The brewing crisis over Greece's debt and the country's future in the euro zone is expected to dominate talks at the latest G-20 summit in Istanbul Monday as the world's finance leaders expressed concern that Greece is on an unstoppable collision course with its international lenders.
The impasse between Greece and its lenders took a turn for the worse Sunday when the new Greek Prime Minister Alexis Tsipras vowed to push on with promises to roll back on austerity measures and stressed that his country would not be asking for an extension to its current bailout, which is due to end February 28.
On Monday, global finance leaders expressed concerns that the window of opportunity for a solution was closing.
U.S. Treasury secretary Jack Lew told CNBC on the sidelines on the G20 summit Monday that parties on both sides of the debate needed reel in the rhetoric.
"I think what has to happen right now is that everybody's got to tamp down the rhetoric a little bit," he told CNBC's Steve Liesman.
"There needs to be a conversation where Greece, and all of the parties that it's engaged with, look for a practical, pragmatic path forward-- which I think is in everybody's best interest."
The "troika" of international bodies overseeing Greece's bailout loans -- the European Central Bank (ECB), European Commission and International Monetary Fund – has said it won't release a last tranche of aid to Greece until the government makes a commitment to continue with the conditions of its bailout, including austerity. The ECB has also refused Greece's request for a bridging loan once its bailout ends later this month.
Nonetheless, finance chiefs were pushing for negotiations.
"I think there is still an opportunity for all sides to have a negotiation but I think (that is) narrowing pretty quickly so let's hope we can find a way through this," Timothy D. Adams, the president and chief executive of the Institute of International Finance, told CNBC on the sidelines on the G20 summit Monday.
"I think there is a way through this crisis but it requires cooler heads to prevail, (they need to) tone down the rhetoric and roll up their sleeves and get to work on a solution. I believe there is a solution but the rhetoric doesn't help."
Greece is likely to be the hot topic for finance ministers from the group of 20 nations (G-20) when they meet in Istanbul Monday and Tuesday to discuss the global economy and the political and economic stability of Europe as Greece plays hard ball over its bailout.
Attempting to add weight to Greece's bargaining position, Greek Finance Minister Yanis Varoufakis said on Sunday that if Greece is forced out of the euro zone, other countries would inevitably follow and the currency bloc would collapse.
Angel Gurria, secretary general of the Organisation for Economic Co-operation and Development (OECD) told CNBC that he would do whatever he can to prevent Greece dramatically exiting the single currency union – a so-called "Grexit."
"Everybody wants Greece to stay in the European Union, everybody wants Greece to prosper and to get out of its short-term morass," he told CNBC Monday at the G20 summit, although he conceded there were political, regulatory and formal and legal restraints restricting what Greece and Europe could agree to, however.
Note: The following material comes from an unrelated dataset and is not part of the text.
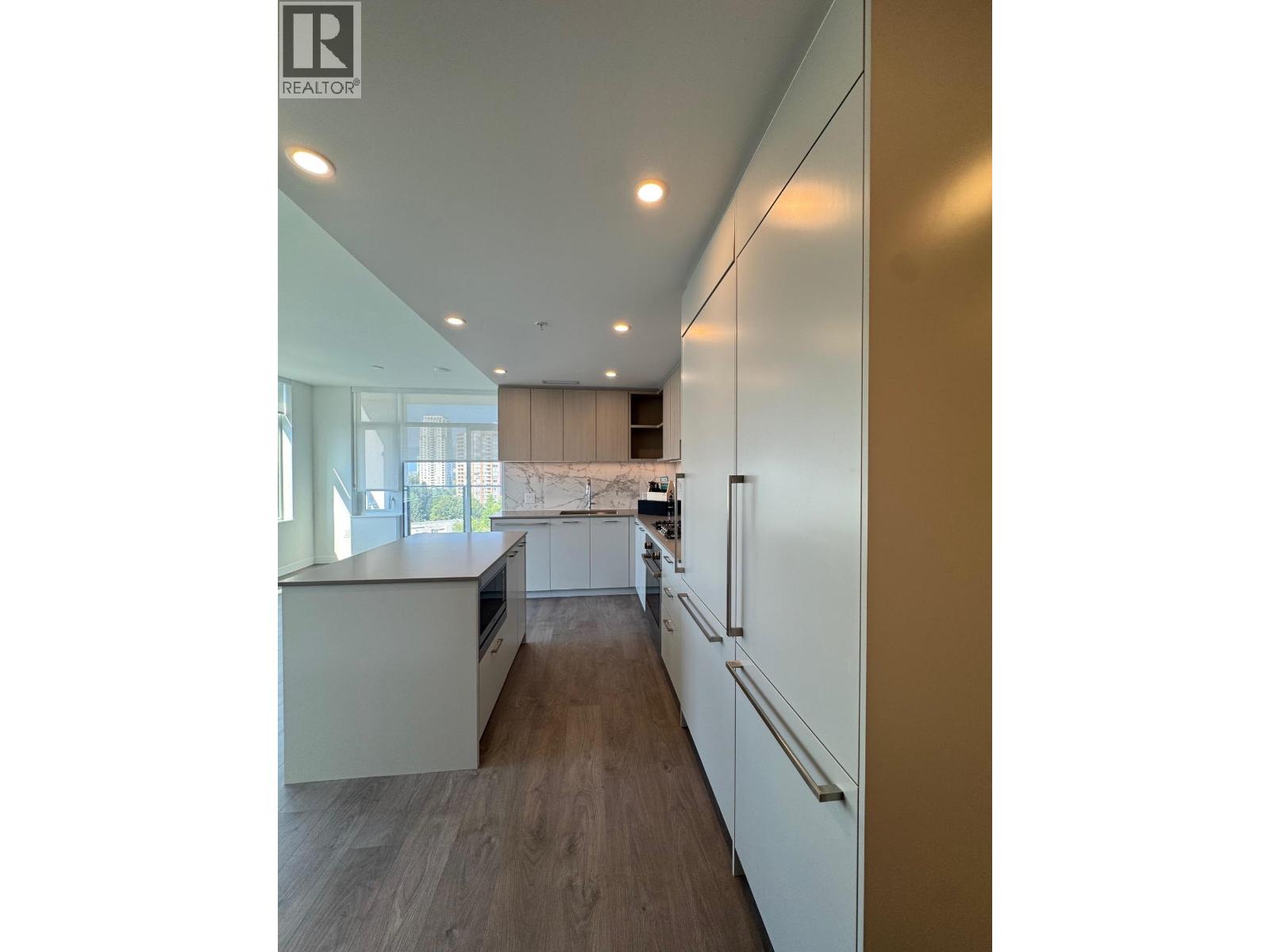 1006 6468 Willingdon Avenue, Burnaby, British Columbia  V5H 0L3 - Photo 15 - R3040245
"I don't feel there's a chance of a Grexit but I will certainly do everything I can to avoid it because I don't feel it solves any fundamental problem and I don't it's good either for Europe or Greece."
The head of the OECD is due to visit Athens Tuesday following the G20 summit to speak to the new Greek government. Gurria said he would discuss the immediate financing situation in the Greek banking system and the servicing of its debt.